Restate exactly the lines below, from the one containing "Original Watercolour, ‘Girl" through the final line, and leave out the pictures.

Dataset extract:
+ + + + + + +

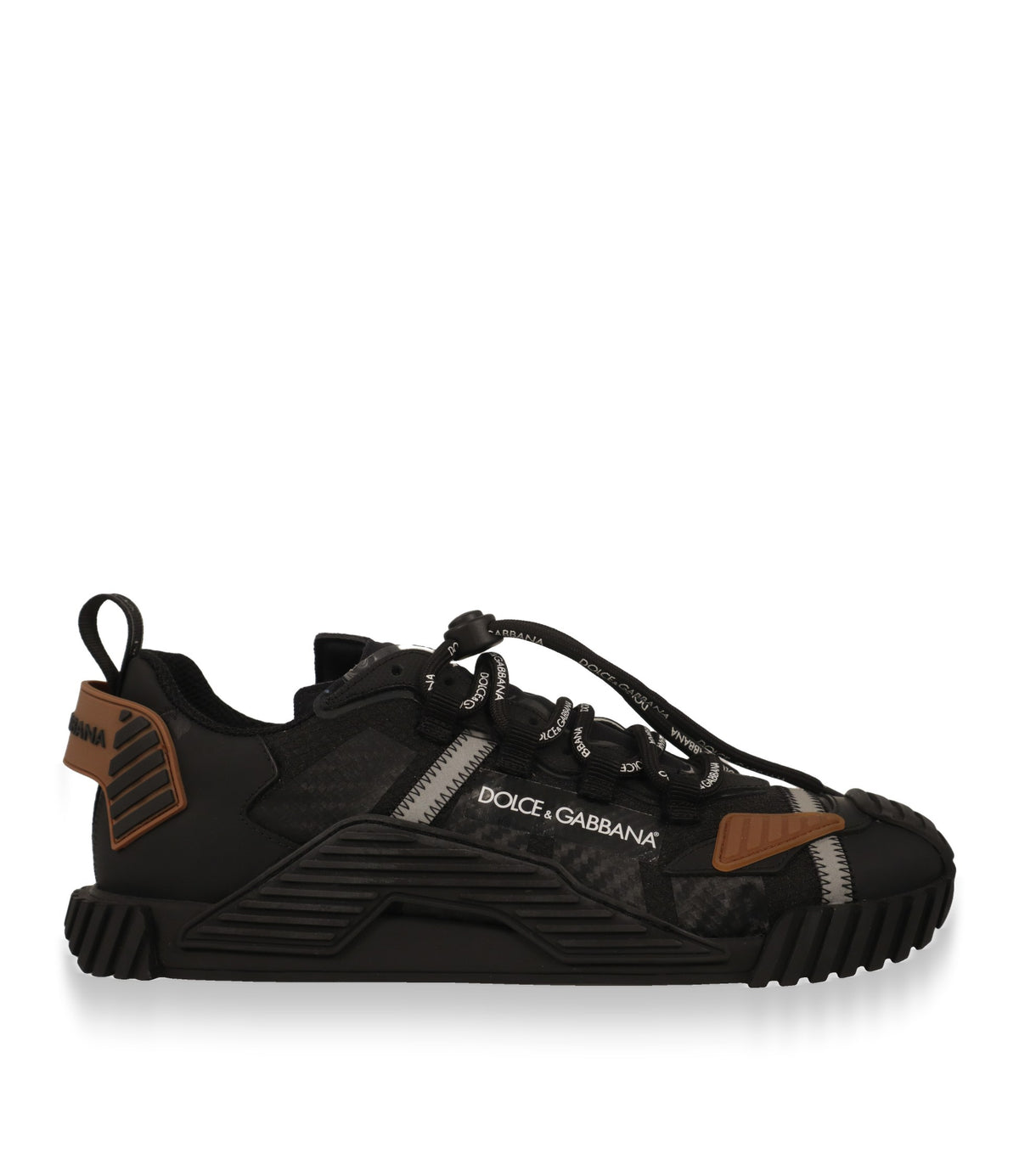 Dolce & Gabbana Sneaker in Schwarz mit braunen Logo-Details, Seitenansicht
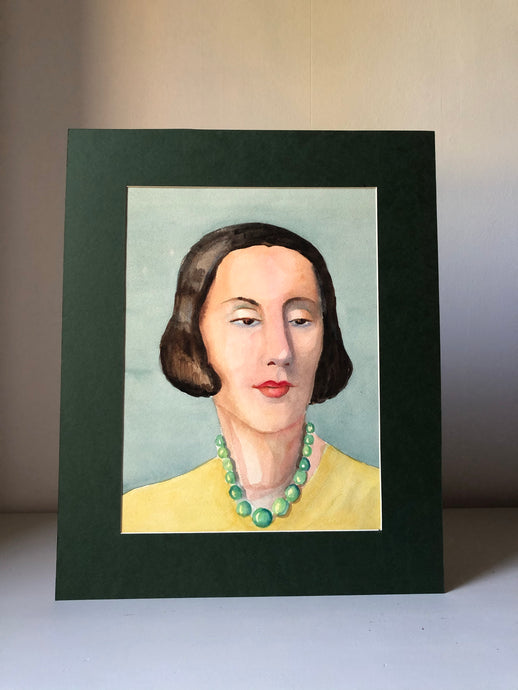 Original Watercolour, ‘Girl on Green’ with Mount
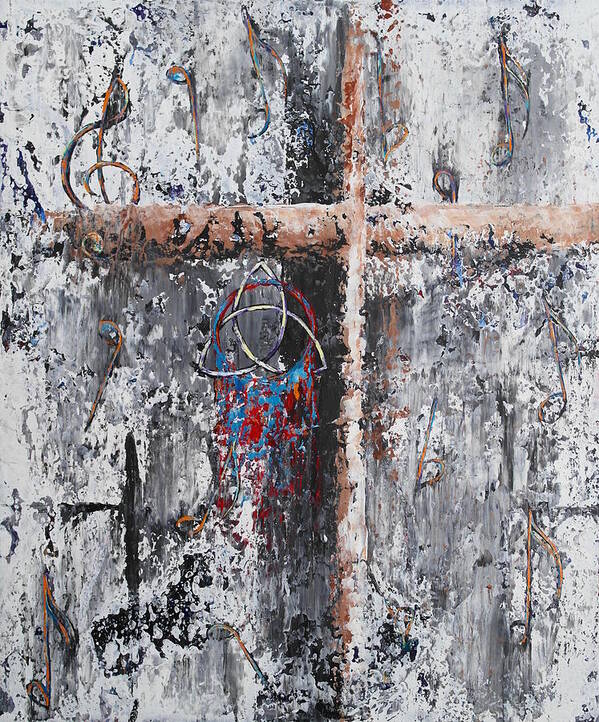 Abstract Art Print featuring the painting The Old Rugged Cross by Wayne Cantrell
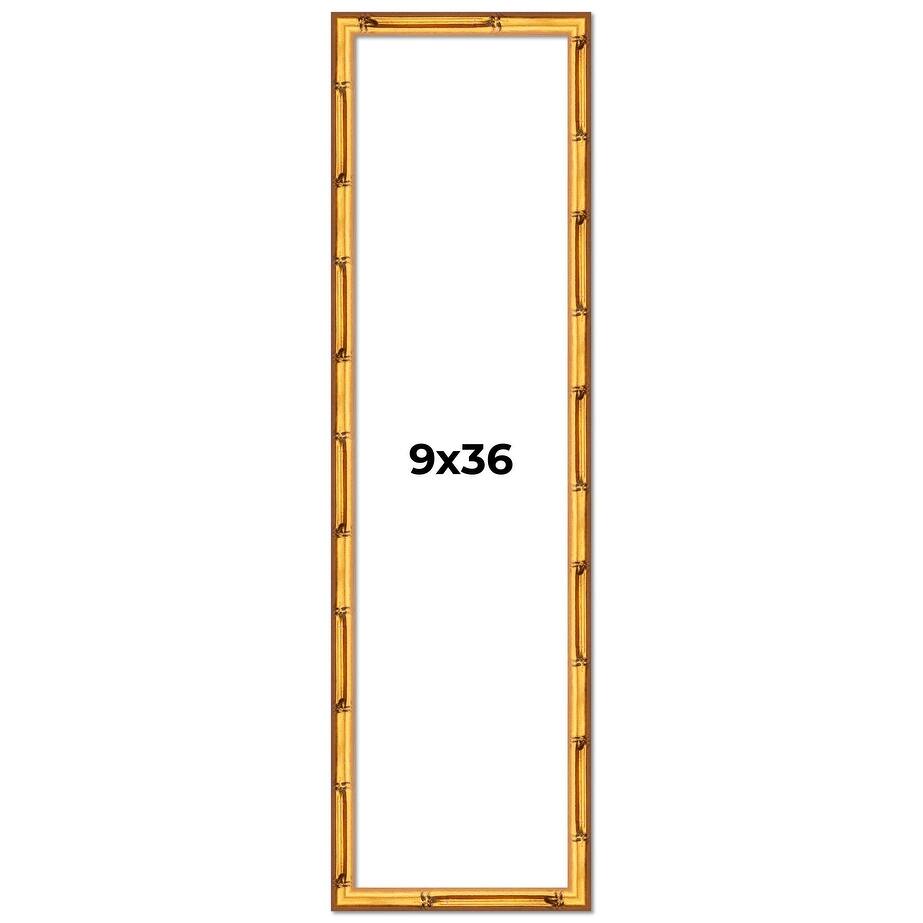 9x36 Frame Gold Bamboo Solid Wood Picture Frame | 1 Inch Moulding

+ + + + + + +

Answer for this exercise:
 Original Watercolour, ‘Girl on Green’ with Mount
 Abstract Art Print featuring the painting The Old Rugged Cross by Wayne Cantrell
 9x36 Frame Gold Bamboo Solid Wood Picture Frame | 1 Inch Moulding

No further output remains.